Exercise >> The listing that follows must be retyped exactly, without its pictures.

Given data >>
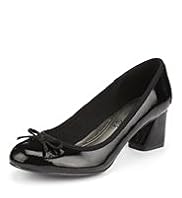 Footglove™ Fashion Leather Wide Fit Bow Ballerina Pumps with Insolia®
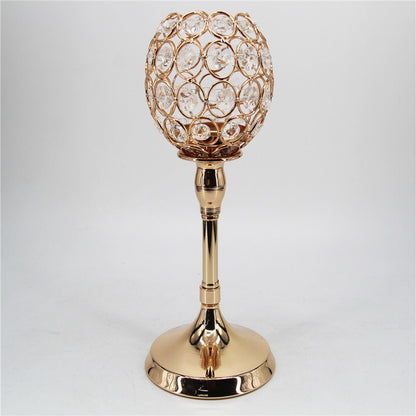 Creative Gold Crystal Candle Holder for Romantic Decor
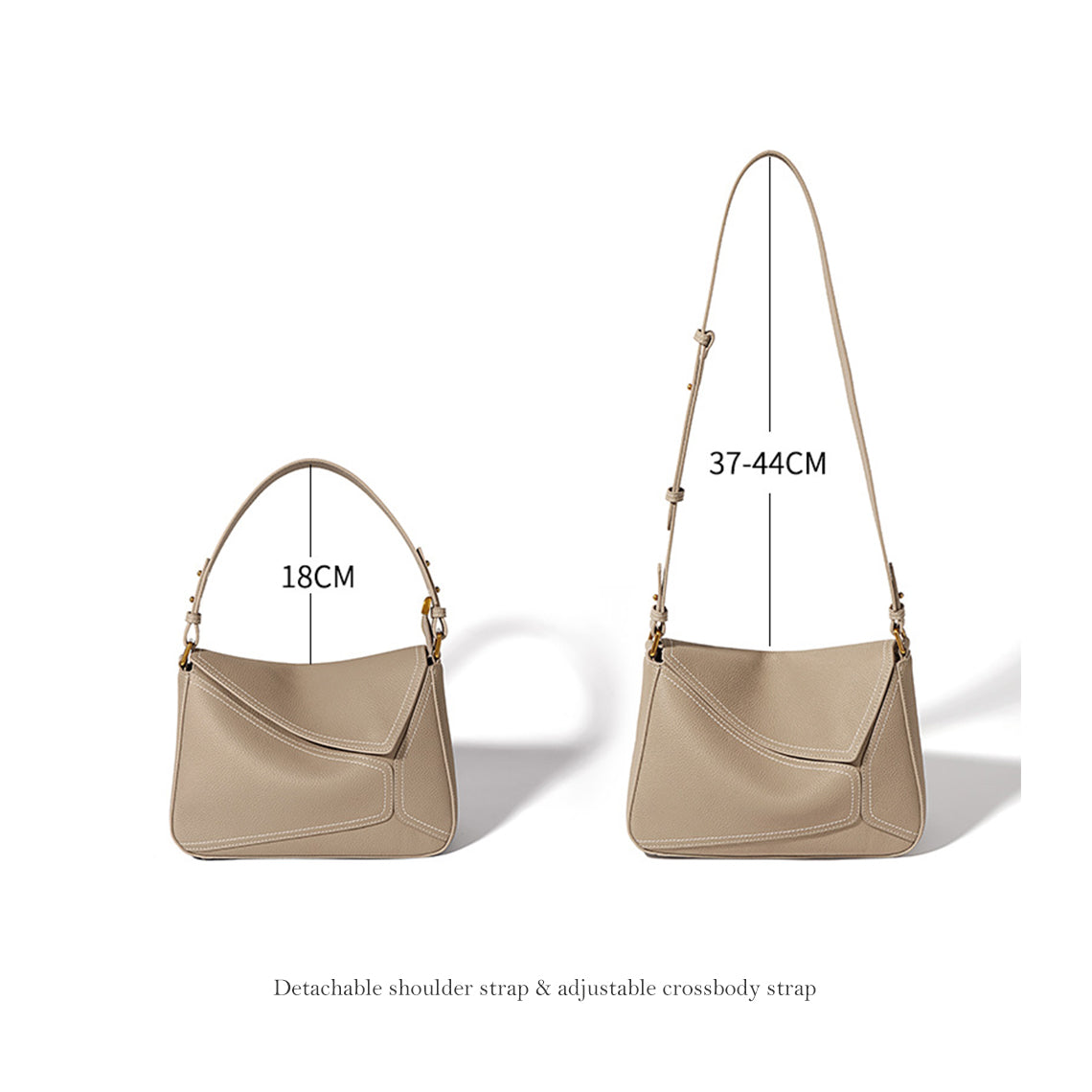 Top Grain Leather Geometric Panel Bag with Detachable Straps detail image 2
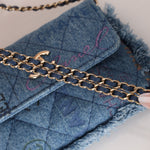 Chanel 2022 Denim Quilted Denim Mood Clutch on Chain - FashioNica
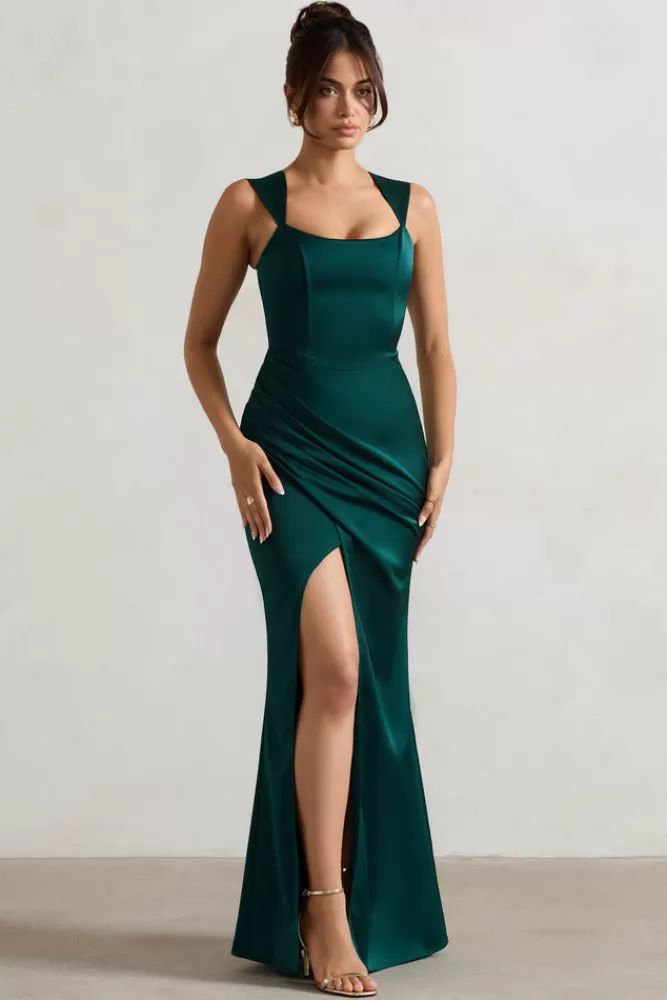Club L London A Romantic | Green Satin Corset Wrap Maxi Dress BOTTLEGREEN Store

Answer to the problem >>
 Footglove™ Fashion Leather Wide Fit Bow Ballerina Pumps with Insolia®
 Creative Gold Crystal Candle Holder for Romantic Decor
 Top Grain Leather Geometric Panel Bag with Detachable Straps detail image 2
 Chanel 2022 Denim Quilted Denim Mood Clutch on Chain - FashioNica
Club L London A Romantic | Green Satin Corset Wrap Maxi Dress BOTTLEGREEN Store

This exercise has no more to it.